Caro energia, l’industria del Nord chiede provvedimenti urgenti

Secondo le associazioni regionali di Confindustria, l’esplosione dei prezzi rischia di costare 40 miliardi di euro alle imprese del territorio

30 Ago 2022

Il caro energia sta colpendo le famiglie e tutti i settori produttivi, ma l’industria del Nord Italia rischia di pagare un prezzo clamorosamente alto, con oltre 40 miliardi di extracosti. Un conto difficilmente sostenibile, che ha spinto all’organizzazione di un incontro straordinario tra i Presidenti Annalisa Sassi (Confindustria Emilia-Romagna), Francesco Buzzella (Confindustria Lombardia), Marco Gay (Confindustria Piemonte), Enrico Carraro (Confindustria Veneto) e gli Assessori allo Sviluppo Economico Vincenzo Colla (Emilia-Romagna), Guido Guidesi (Lombardia), Andrea Tronzano (Piemonte) e Roberto Marcato (Veneto).

I rappresentanti delle Confindustrie delle quattro regioni hanno presentato agli assessori i dati relativi agli incrementi dei costi energetici dal 2019 al 2022 nell’area più importante per il tessuto industriale italiano: dai dati emerge che, mentre nel 2019 il totale dei costi di elettricità e gas sostenuti dal settore industriale delle quattro regioni ammontava a circa 4,5 miliardi di Euro, nel 2022 gli extra-costi raggiungeranno – nell’ipotesi più ottimistica rispetto all’andamento del prezzo – una quota pari a circa 36 miliardi di Euro che potrebbe essere addirittura superiore ai 41 miliardi nello scenario di prezzo peggiore.
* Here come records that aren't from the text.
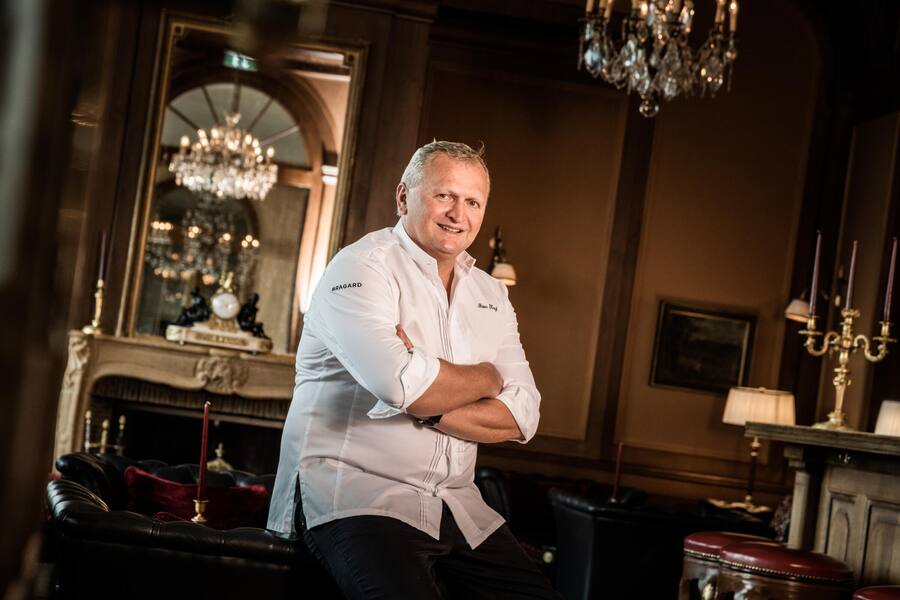 Peter Knogl 2021 Peter Knogl, Cheval Blanc, Hotel Les Trois Rois, les trois rois, Basel © Thomas Buchwalder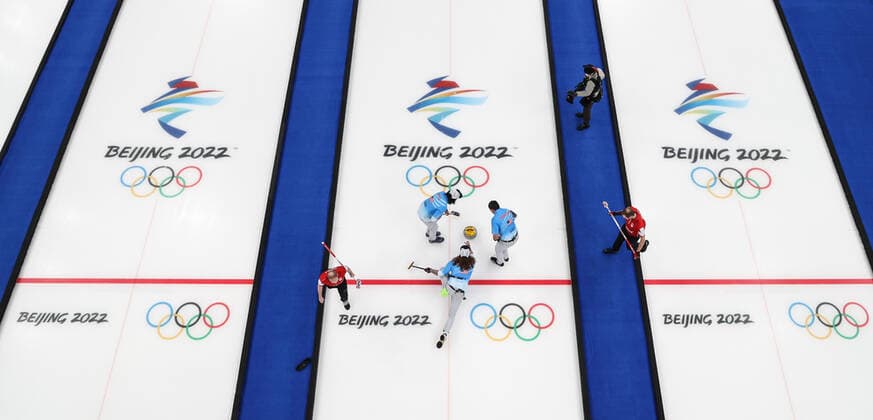 (220218) -- BEIJING, Feb. 18, 2022 -- Matt Hamilton (C bottom) of the United States competes during the curling men s bronze medal game of Beijing 2022 Winter Olympics between Canada and the United States at National Aquatics Centre in Beijing, capital of China, Feb. 18, 2022. Yang Lei) (BEIJING2022)CHINA-BEIJING-OLYMPIC Winter games, Winterspiele,Spiele, Summer games CURLING-MEN S BRONZE MEDAL GAME-CAN VS USA (CN) Remotexcamera 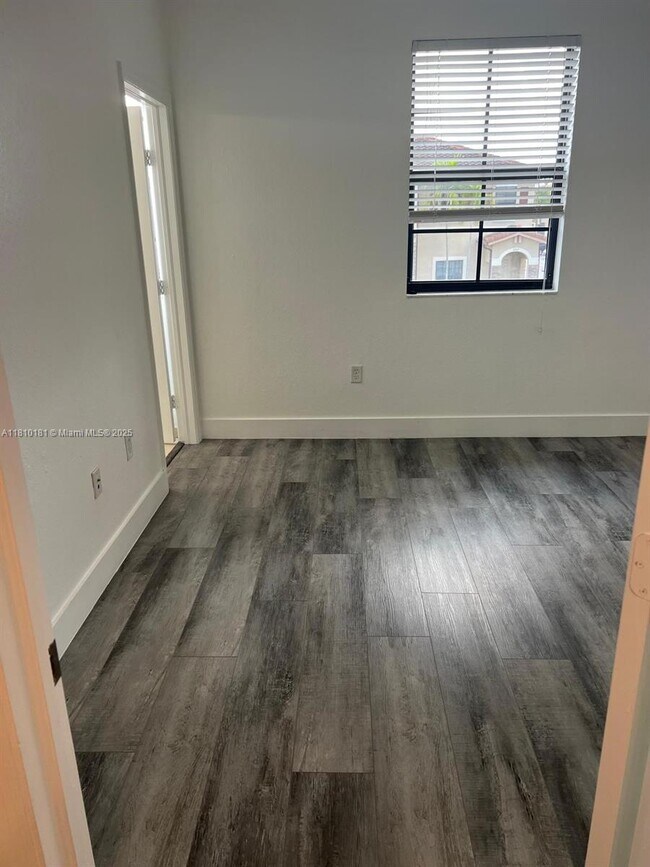 Building Photo - 9212 W 33rd Way
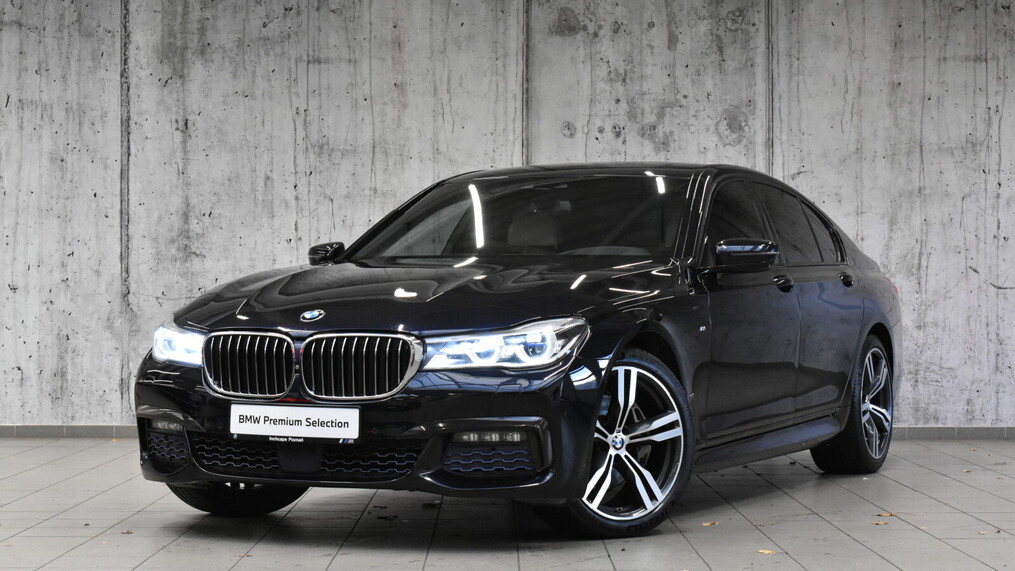 BMW Serii 7, 740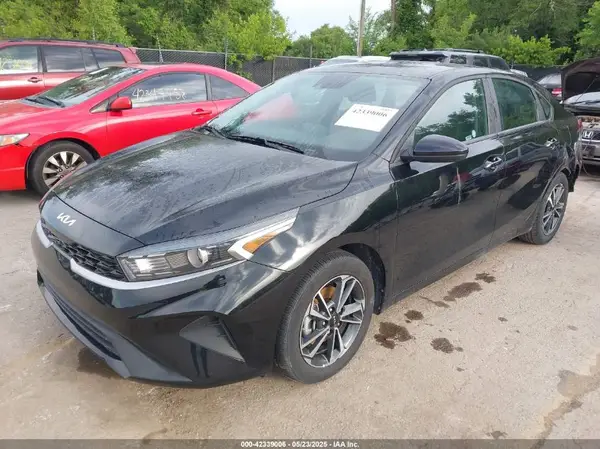 3KPF24AD5RE750480 2024 KIA FORTE - Image 2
Con questi numeri, lamenta l’associazione imprenditoriale, è impossibile mantenere la produzione, tanto che il rischio deindustrializzazione si fa estremamente concreto, data anche l’erosione drammatica di competitività rispetto anche ad altri paesi europei limitrofi.

Le quattro associazioni di categoria richiedono perciò l’avvio di una programmazione energetica nazionale con interventi e investimenti a medio-lungo termine in grado di assicurare la sicurezza e la sostenibilità della produzione energetica e delle forniture di gas. Tra i provvedimenti richiesti, l’introduzione di un tetto al prezzo del gas (europeo o nazionale), la sospensione del meccanismo europeo che prevede l’obbligo di acquisto di quote ETS a carico delle imprese, la riforma del mercato elettrico e la separazione del meccanismo di formazione del prezzo dell’elettricità da quello del gas, misure per il contenimento dei costi delle bollette con risorse nazionali ed europee e la destinazione di una quota nazionale di produzione da fonti rinnovabili a costo amministrato all’industria manifatturiera.